Step 2 – Buy Real Estate
To carry out our simple plan we keep saving $10,000 per year and make the following purchases:
- Year 5 – 1st property with 35 year amortization
- Year 10 – 2nd property with 30 year amortization
- Year 15 – 3rd property with 25 year amortization
By adjusting the amortization period as we go along, all 3 properties will be paid off by Year 40.
Step 3 – Wait
By Year 40 all of our properties will be free-and-clear, meaning there are no more mortgage payments which increases our cash flow dramatically. With 3 properties, our monthly rental income would be at least $3,750 (ignoring rental increases). Taking 20% off of our income to cover taxes, repairs and maintenance, insurance and vacancy we’re left with a positive cash flow of $3,000 per month.
This over simplified example shows how you can easily build a steam of relatively passive income to enjoy during your retirement. To make things even better, you can hire a property manager to take care of the day-to-day management of your properties while you spend your time doing the things you love.
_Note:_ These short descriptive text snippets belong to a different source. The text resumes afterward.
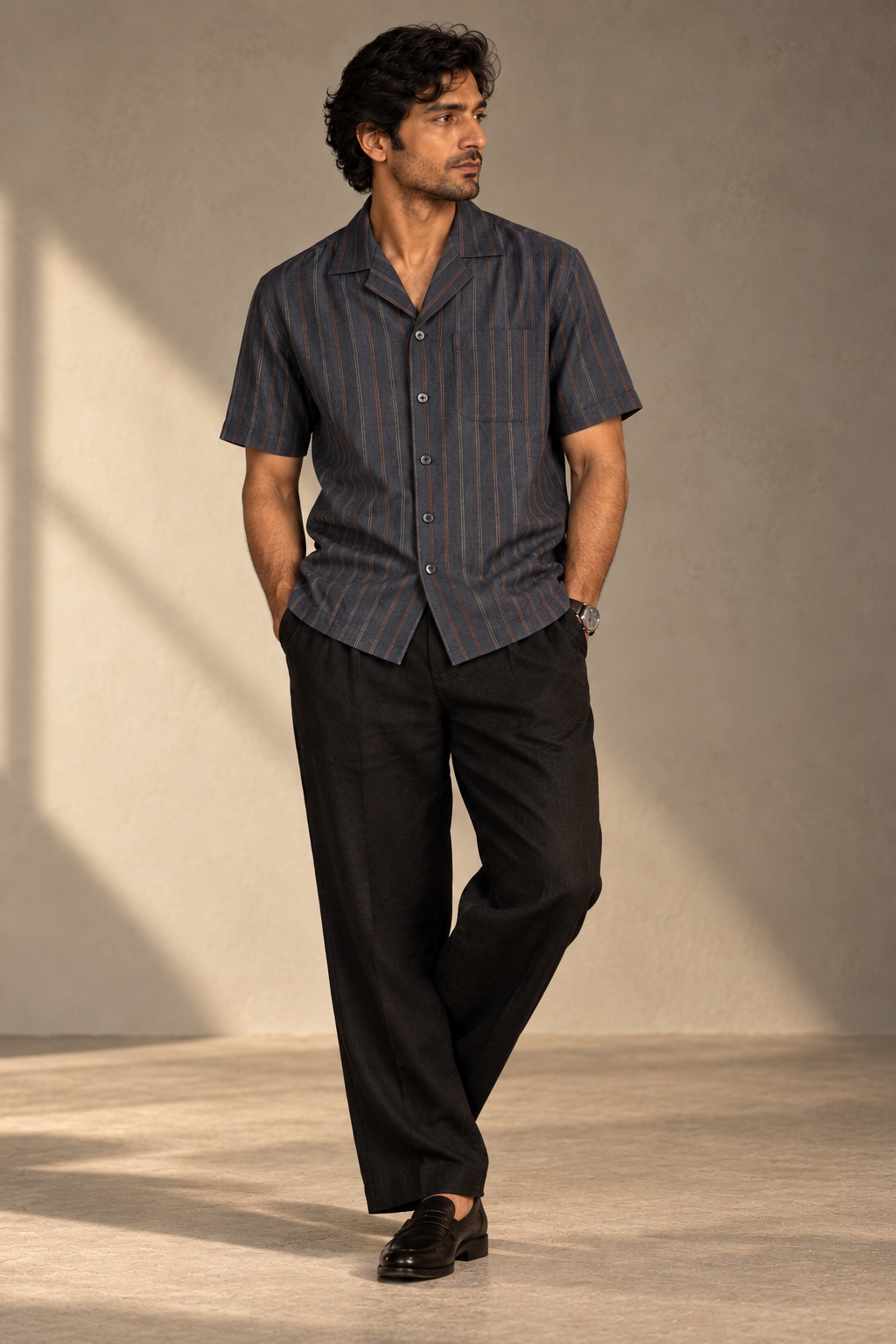 KWIT Mixed Linen Shirt - Slate Black with Fine Stripes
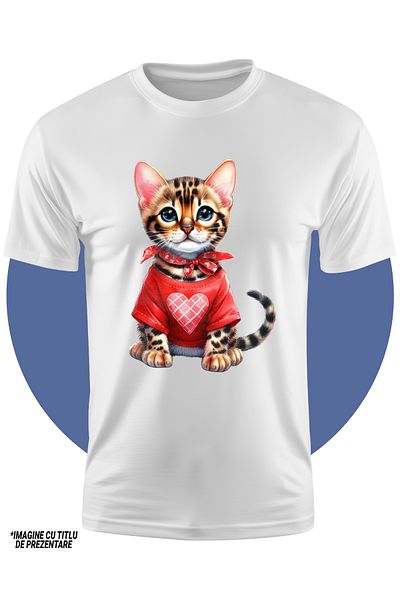 StoryGift Romania Tricou Copii Cu O Pisicuta Care Poarta O Bluza Cu Inimioara, Ilustratie, Jucausa, Pentru I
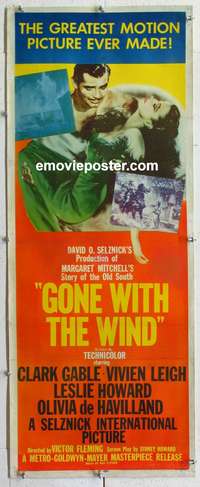f067 GONE WITH THE WIND linen insert movie poster R54 Gable, Leigh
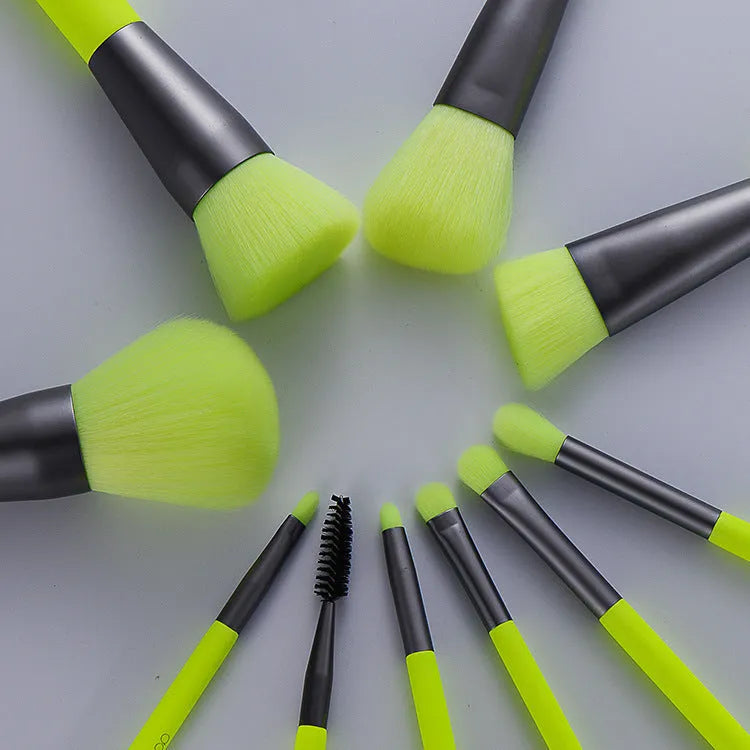 10 piece professional fluorescent green makeup brush set with synthetic fibre bristles and wooden handles
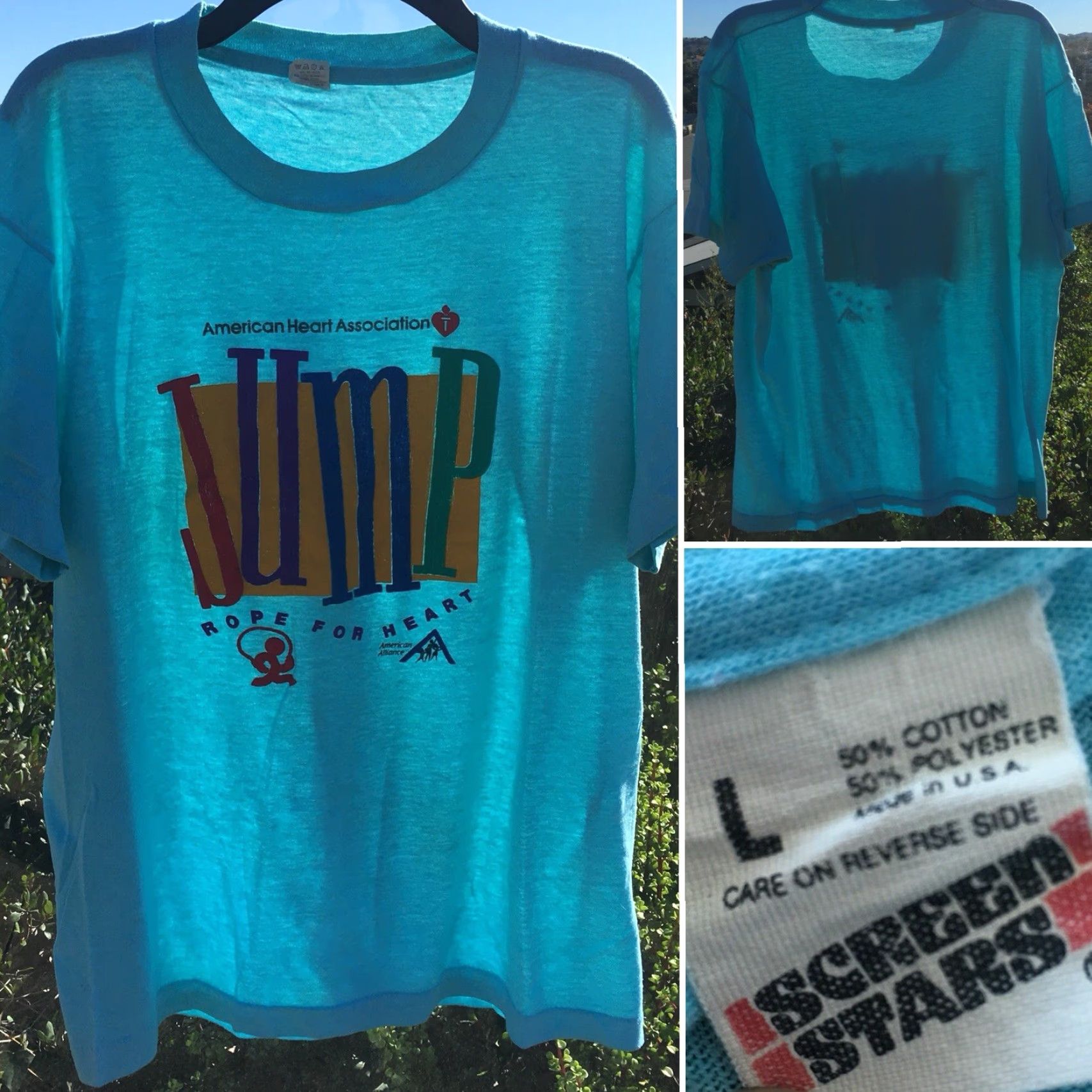 Vintage VINTAGE Screen Stars Shirt Men L Blue Jump Rope For Heart 80s Graphic Tee 1980s American Heart Association Size US L / EU 52-54 / 3 - 5 Thumbnail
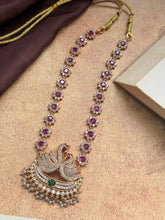 Load image into Gallery viewer, Vintage style swan necklace with cut stones
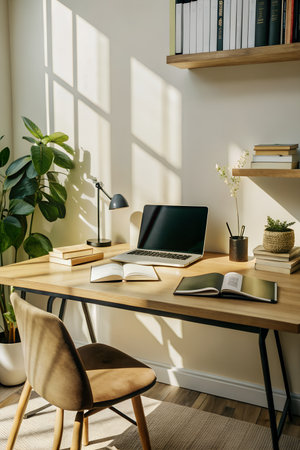 A cozy home office with a wooden desk, a laptop, open books, and plants, bathed in warm sunlight streaming through the windowの素材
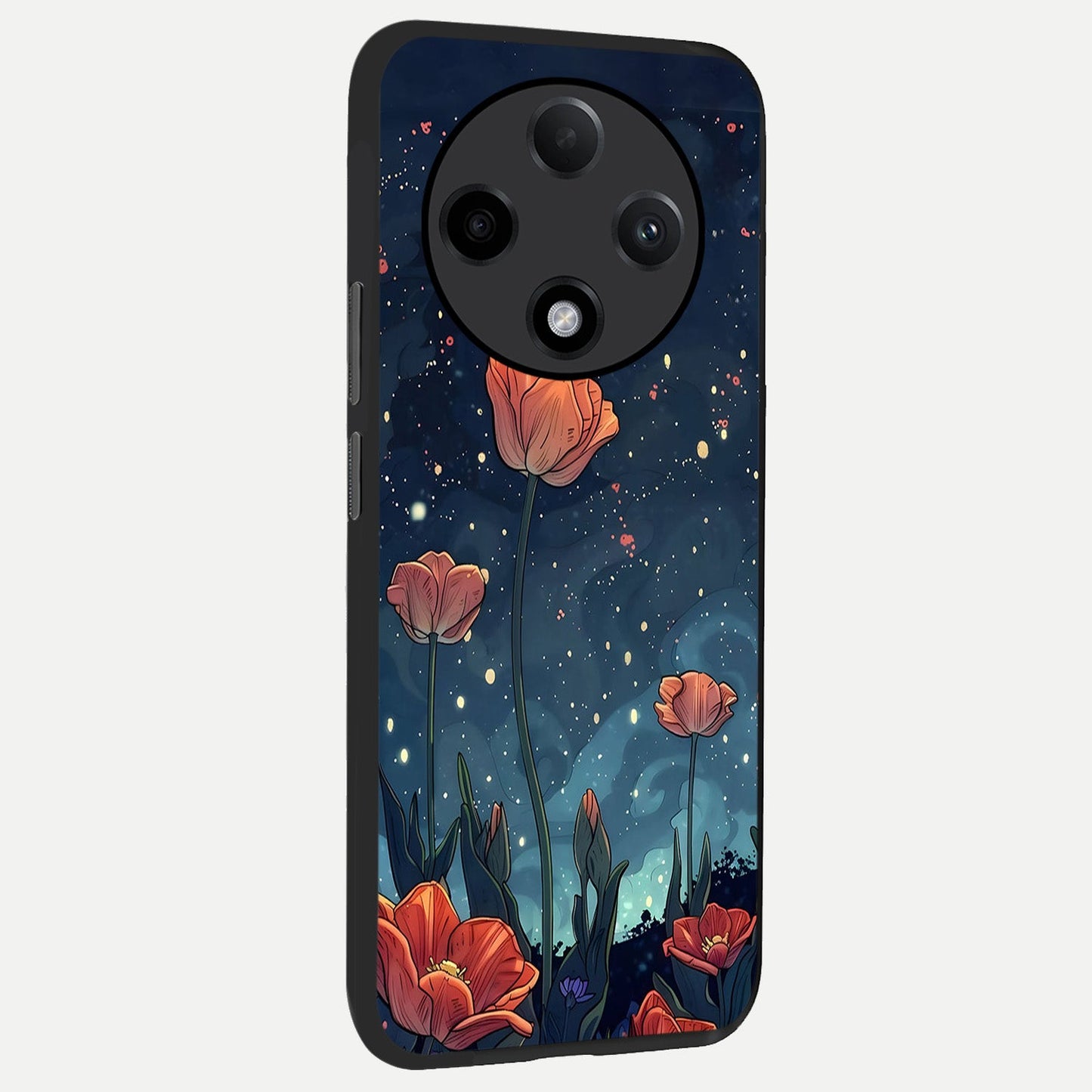  Midnight Tulip Glow back cover For Oppo F27 Pro Plus slim fit glass case with vibrant aesthetic design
Would $3,000 per month of passive income have a significant impact on your retirement plan? Adding back the appreciation, excess monthly cash flow and the annual increases in income and expenses that we ignored for this simple example and this plan becomes even more appealing. An extra $3,000 per month may or may not be enough for you to retire on, but you can speed things up by buying more property along the way. To up your pace, you can take advantage of capital appreciation and refinance your properties as your equity builds to purchase more, or work with joint venture partners who’d like to earn great returns on their money.
This “40 Year Retirement Plan” may not sound very exciting next to catchy titles like the “4 Hour Work Week”, but it’s a great plan which will work for just about anyone. The key with this plan is to start early and stick to it.
Thanks for reading, and Happy New Years!